Give the listing again word for word, excluding the pictures it contains.

------ Working data ------

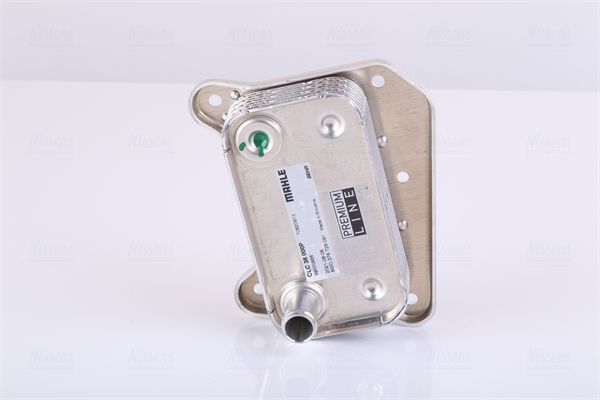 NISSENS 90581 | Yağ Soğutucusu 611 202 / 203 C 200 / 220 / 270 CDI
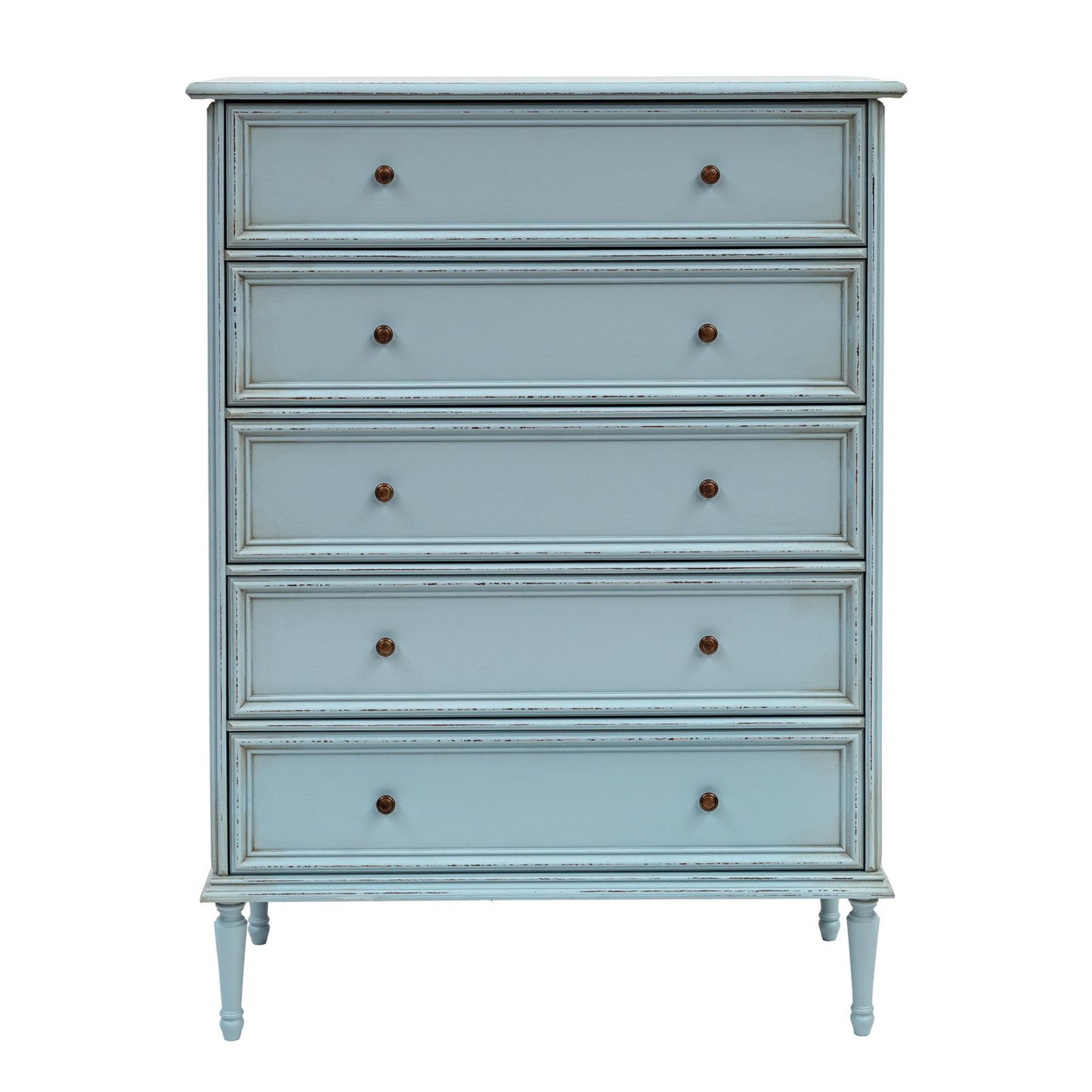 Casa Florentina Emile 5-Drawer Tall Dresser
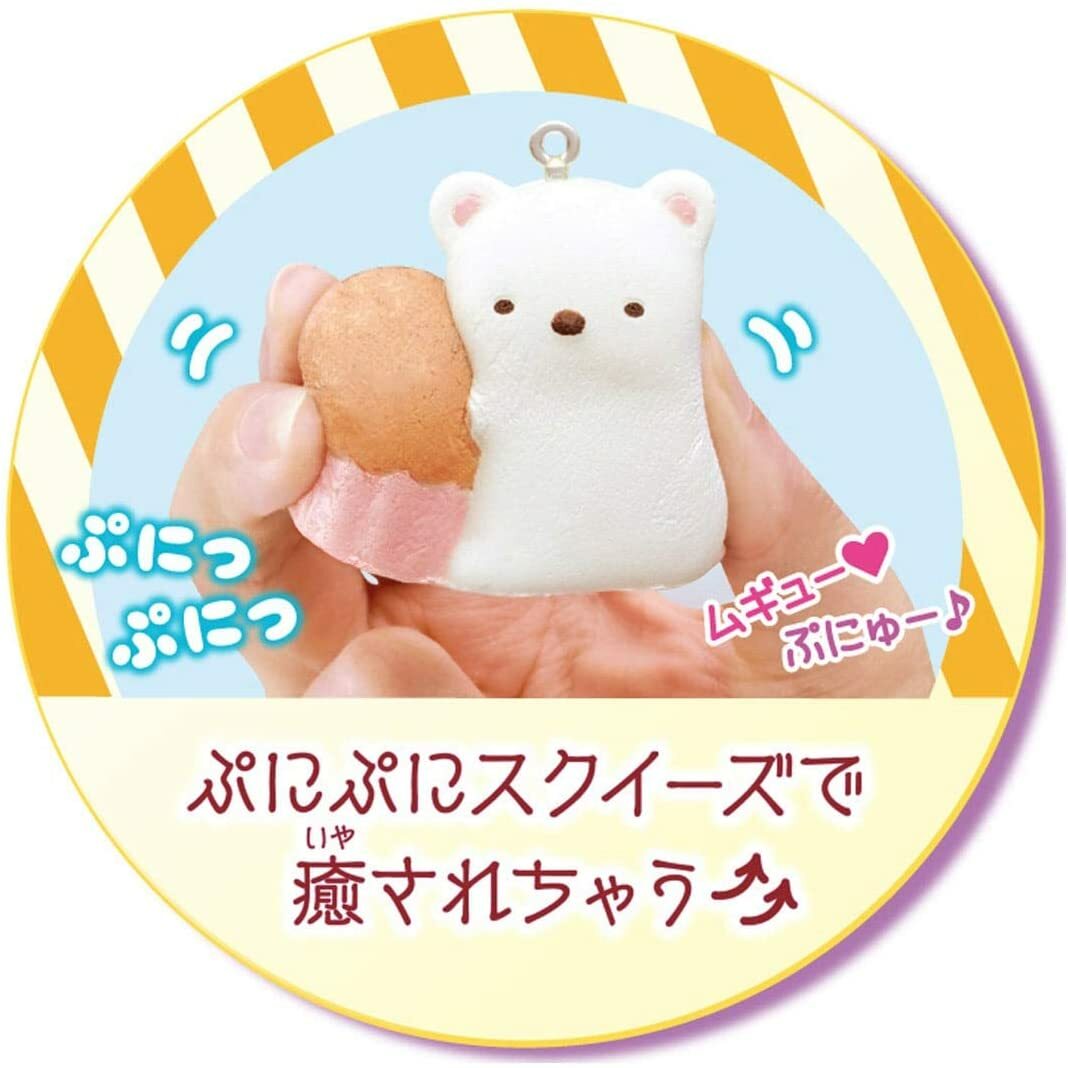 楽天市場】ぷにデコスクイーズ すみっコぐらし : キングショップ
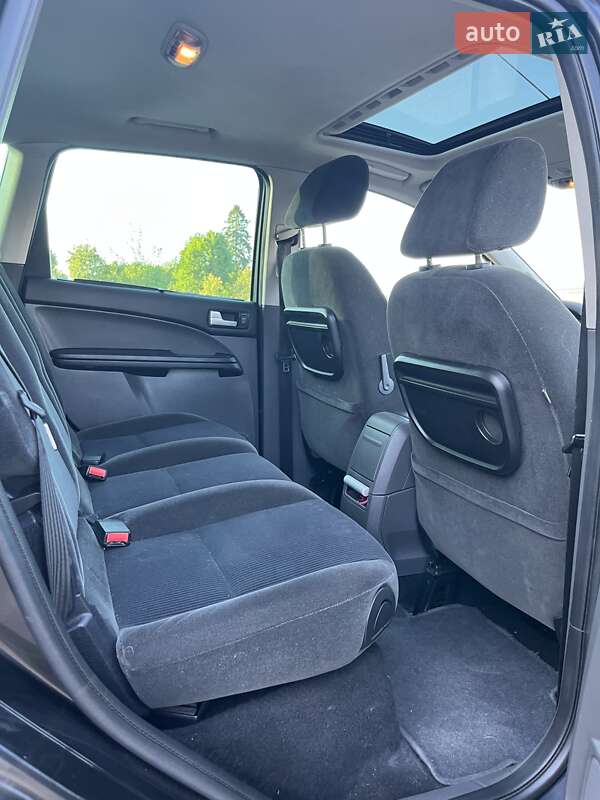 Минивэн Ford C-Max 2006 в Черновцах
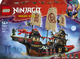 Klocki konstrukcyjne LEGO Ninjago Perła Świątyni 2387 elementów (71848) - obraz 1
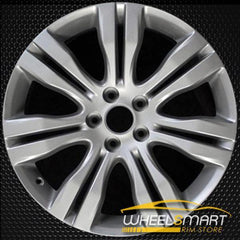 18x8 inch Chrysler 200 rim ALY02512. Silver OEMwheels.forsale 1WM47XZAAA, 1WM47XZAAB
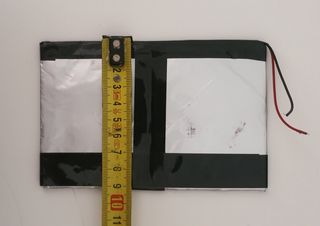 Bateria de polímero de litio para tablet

------

● **Response to this exercise**:
 NISSENS 90581 | Yağ Soğutucusu 611 202 / 203 C 200 / 220 / 270 CDI
 Casa Florentina Emile 5-Drawer Tall Dresser
 楽天市場】ぷにデコスクイーズ すみっコぐらし : キングショップ
 Минивэн Ford C-Max 2006 в Черновцах
 Klocki konstrukcyjne LEGO Ninjago Perła Świątyni 2387 elementów (71848) - obraz 1
 18x8 inch Chrysler 200 rim ALY02512. Silver OEMwheels.forsale 1WM47XZAAA, 1WM47XZAAB
 Bateria de polímero de litio para tablet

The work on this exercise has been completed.